There are some low cost versions of Office available. The Student Teacher edition, which is targeted to Students and Teachers is a low cost alternative. Keeping that in mind it cannot be upgraded to a newer version nor can it be used for commercial purposes (Work documentation). Office Basic includes Word, Excel and Outlook can be purchased preinstalled and can be upgraded in the future on the computer it is on.

There are yet some other alternatives that are available. Windows Vista comes with a basic style contact manager (similar to Outlook), a basic calendar (again similar to Outlook) and a mail program. Both Vista and XP come with Wordpad which is a basic word processor that can save in Rich Text Format (RTF). If you only need to be able to view and print Office Documents there are free viewers available from Microsoft.

Microsoft Works Suite comes with Word 2003, Works (spreadsheets, Word processing) and a host of other useful products. This suite can open some Excel Documents and does include the full version of Word. It can be purchased retail or pre installed on a new computer and qualifies (the version including word) for an upgrade to Office Suites.

If you are looking at a full fledged office system but don’t want to pay the price, have no fear. Simply visit and download their offering. Open Office is an Open Source Office Suite that includes as much and if not more than Microsoft Office. It can open most Office documents, although more advanced complex documents may be an issue, if Word Processing, Presentation and Spreadsheets are what you need and you don’t want to pay, this is one of your best options. This is what I am currently running on my Mac Mini.

Some system builders will often offer older versions of WordPerfect Office to their new PC’s and very often the cost can be below 20.00, so that may be an option for you as well.

One of the major themes of the discussion that is happening online, is that while the free software on the desktop saves money, quite often it ends up costing more in lost productivity as workers may struggle to learn the new system, reformat or fix documents. Most people have at some point in their lives used MS Office and are comfortable with that. Learning a new office program or desktop can take some time (consider myself, I am a PC power user but still struggle in Linux and Mac) and some people will never get the hang of it. So do you really save money in the end?

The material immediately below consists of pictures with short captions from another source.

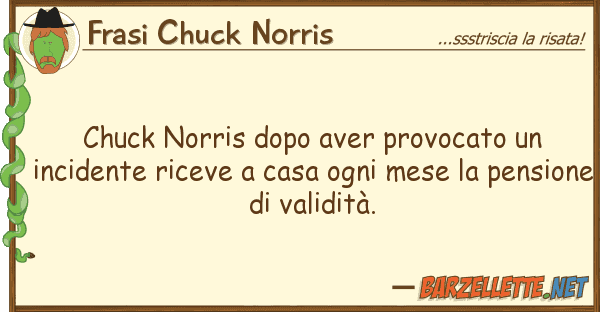 Frasi Chuck Norris chuck norris dopo aver provocato inci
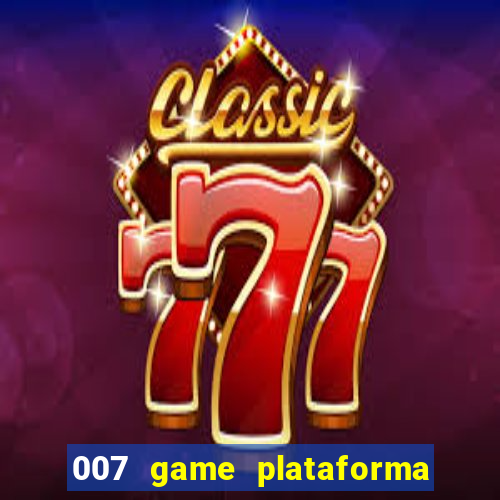 007 game plataforma de jogos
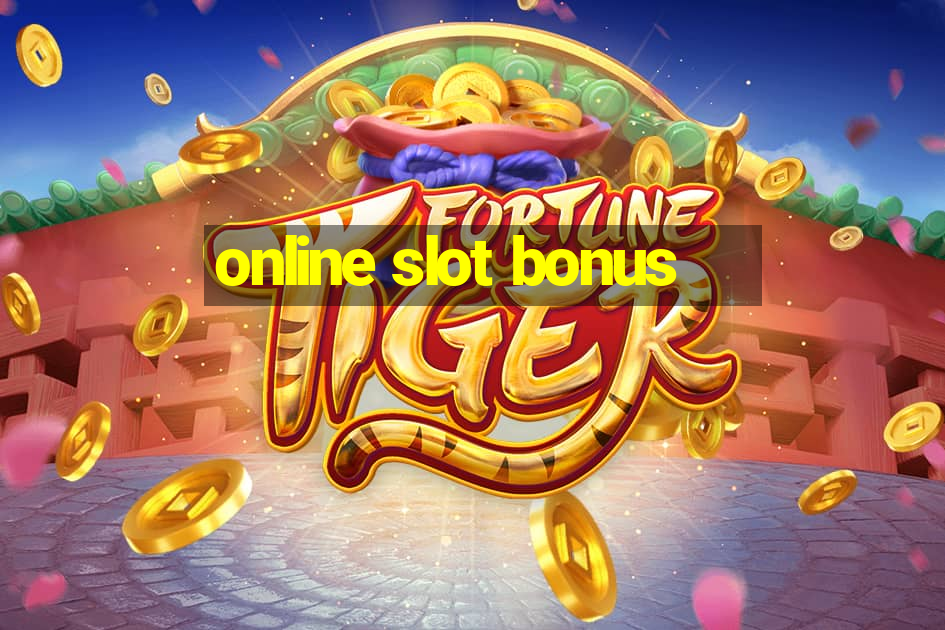 online slot bonus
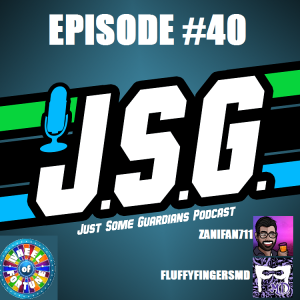JSG Episode #40 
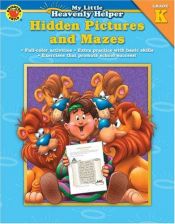 book cover of Hidden Pictures and Mazes (My Little Heavenly Helper) by School Specialty Publishing
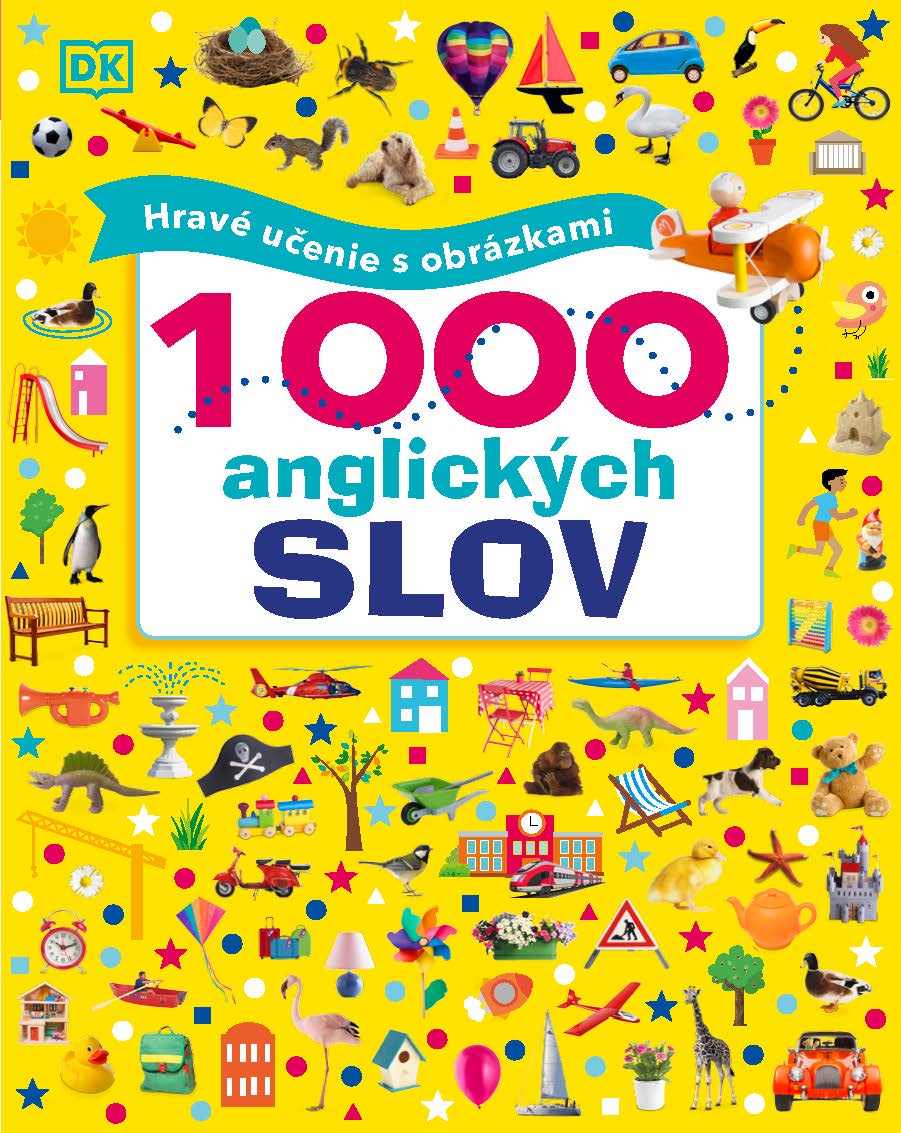 Obrázok 1000 anglických slov. Hravé učenie s obrázkami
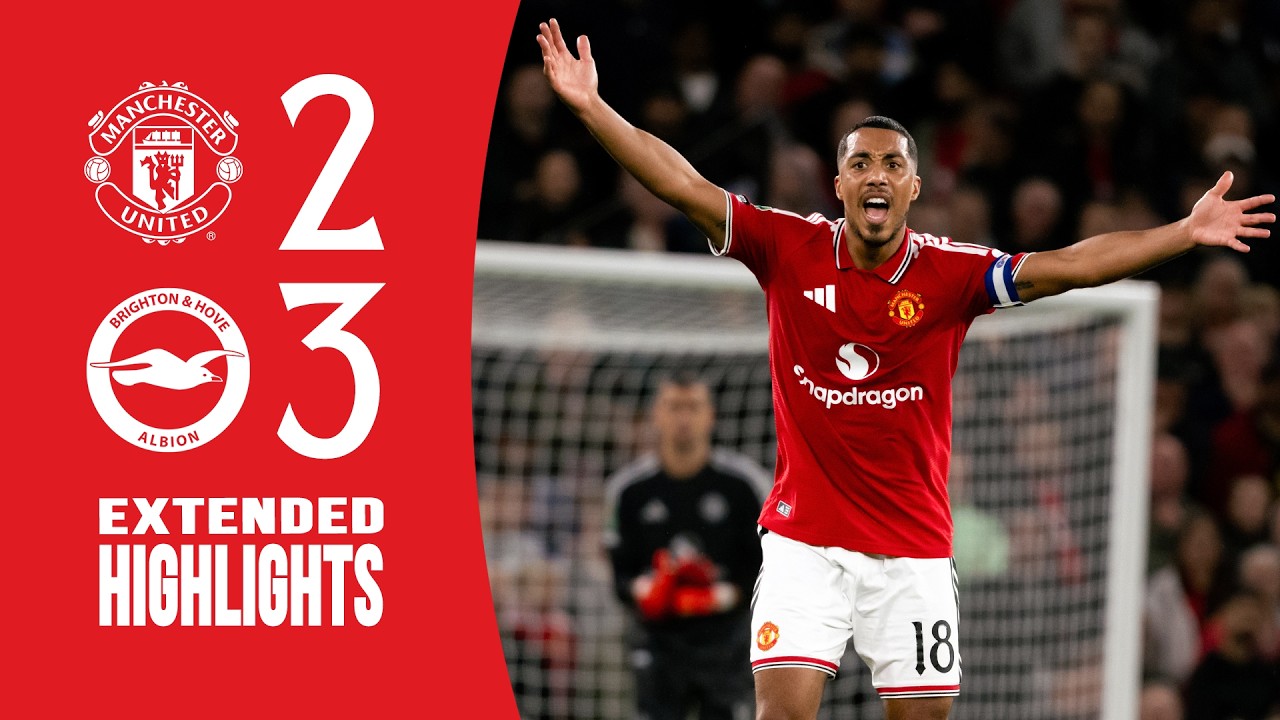 Man Utd 2-3 Brighton | Extended Highlights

A final note, beware of emails or sites offering extreme discounts on MS Office, Windows or other high end packages. Often the software is counterfeit, or illegal. For example if you can buy Office 2007 Pro Plus for 79.95 USD, that is not legitimate, no matter how much they try and convince you. Also beware of software downloaded via Peer to peer networks. I once had an instance of a client using downloaded MS Office Software. We ended up having to format and rebuild the PC 3 times (I refused to install the office software). After the third time the client bought a legitimate office package from me and the computer has been fine since. Taken into the account of all the repairs and fixes that the bogus software created the client could have purchased at least the basic version of office a couple of times over!